* [Dataset records]
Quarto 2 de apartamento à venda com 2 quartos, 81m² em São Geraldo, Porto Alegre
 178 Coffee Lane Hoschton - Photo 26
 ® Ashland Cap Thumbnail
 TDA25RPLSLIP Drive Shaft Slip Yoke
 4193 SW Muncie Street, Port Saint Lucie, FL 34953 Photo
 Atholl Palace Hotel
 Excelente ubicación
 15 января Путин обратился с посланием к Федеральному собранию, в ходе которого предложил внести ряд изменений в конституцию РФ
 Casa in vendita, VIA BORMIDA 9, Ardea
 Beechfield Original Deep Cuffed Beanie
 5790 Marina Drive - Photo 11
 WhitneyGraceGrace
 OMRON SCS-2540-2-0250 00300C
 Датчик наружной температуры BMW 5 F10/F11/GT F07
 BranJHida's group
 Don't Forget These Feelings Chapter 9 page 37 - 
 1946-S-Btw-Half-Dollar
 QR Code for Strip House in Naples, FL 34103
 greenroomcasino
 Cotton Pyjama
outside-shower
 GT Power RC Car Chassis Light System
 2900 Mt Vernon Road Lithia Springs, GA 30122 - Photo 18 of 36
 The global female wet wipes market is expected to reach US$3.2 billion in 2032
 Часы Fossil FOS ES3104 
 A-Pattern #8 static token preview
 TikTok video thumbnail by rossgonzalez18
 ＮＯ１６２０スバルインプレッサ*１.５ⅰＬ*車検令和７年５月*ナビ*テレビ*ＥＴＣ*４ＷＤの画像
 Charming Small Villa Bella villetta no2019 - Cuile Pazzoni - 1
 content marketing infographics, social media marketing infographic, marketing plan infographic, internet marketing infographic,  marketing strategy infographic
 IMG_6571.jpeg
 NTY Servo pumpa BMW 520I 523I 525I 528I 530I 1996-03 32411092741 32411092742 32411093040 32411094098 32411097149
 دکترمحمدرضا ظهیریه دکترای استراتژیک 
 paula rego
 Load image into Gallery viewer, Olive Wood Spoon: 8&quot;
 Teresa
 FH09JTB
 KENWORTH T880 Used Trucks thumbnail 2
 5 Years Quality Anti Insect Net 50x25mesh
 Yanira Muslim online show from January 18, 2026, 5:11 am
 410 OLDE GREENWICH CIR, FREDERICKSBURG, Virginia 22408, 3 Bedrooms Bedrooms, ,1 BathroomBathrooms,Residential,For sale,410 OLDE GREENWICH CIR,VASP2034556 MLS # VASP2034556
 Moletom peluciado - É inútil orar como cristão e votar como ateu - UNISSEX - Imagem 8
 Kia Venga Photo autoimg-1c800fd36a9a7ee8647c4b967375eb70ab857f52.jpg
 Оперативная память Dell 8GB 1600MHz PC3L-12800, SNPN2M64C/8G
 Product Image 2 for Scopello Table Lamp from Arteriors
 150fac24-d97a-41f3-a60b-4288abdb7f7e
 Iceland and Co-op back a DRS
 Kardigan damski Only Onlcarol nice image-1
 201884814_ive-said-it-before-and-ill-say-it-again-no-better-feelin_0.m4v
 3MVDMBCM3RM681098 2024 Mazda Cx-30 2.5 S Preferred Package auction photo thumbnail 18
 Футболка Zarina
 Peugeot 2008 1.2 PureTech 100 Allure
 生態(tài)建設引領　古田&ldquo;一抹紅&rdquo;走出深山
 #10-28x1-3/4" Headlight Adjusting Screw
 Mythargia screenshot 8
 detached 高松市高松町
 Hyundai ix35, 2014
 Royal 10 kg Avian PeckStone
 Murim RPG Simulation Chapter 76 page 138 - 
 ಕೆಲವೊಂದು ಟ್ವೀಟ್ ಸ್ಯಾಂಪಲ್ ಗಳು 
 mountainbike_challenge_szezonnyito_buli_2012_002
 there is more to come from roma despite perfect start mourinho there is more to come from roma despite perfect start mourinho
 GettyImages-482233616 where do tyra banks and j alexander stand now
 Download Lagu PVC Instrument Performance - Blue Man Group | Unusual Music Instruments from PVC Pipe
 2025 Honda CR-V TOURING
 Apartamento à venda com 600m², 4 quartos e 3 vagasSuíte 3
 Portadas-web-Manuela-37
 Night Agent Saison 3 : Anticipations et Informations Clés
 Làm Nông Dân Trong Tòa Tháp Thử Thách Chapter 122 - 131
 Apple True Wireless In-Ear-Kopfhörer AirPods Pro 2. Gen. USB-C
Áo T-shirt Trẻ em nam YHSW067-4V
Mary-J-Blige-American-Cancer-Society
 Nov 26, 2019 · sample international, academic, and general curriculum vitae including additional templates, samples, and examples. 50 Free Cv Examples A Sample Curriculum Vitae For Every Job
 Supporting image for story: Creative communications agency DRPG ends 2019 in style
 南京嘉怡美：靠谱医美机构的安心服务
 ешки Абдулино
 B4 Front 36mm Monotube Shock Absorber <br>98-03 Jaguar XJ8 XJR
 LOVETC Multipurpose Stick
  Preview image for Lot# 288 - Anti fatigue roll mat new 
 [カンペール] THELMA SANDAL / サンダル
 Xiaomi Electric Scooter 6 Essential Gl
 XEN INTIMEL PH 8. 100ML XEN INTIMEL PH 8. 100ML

* [To do] Every line that contains "from" should be copied out of the data.

* [Response for this exercise]
 Yanira Muslim online show from January 18, 2026, 5:11 am
 Product Image 2 for Scopello Table Lamp from Arteriors
 there is more to come from roma despite perfect start mourinho there is more to come from roma despite perfect start mourinho
 Download Lagu PVC Instrument Performance - Blue Man Group | Unusual Music Instruments from PVC Pipe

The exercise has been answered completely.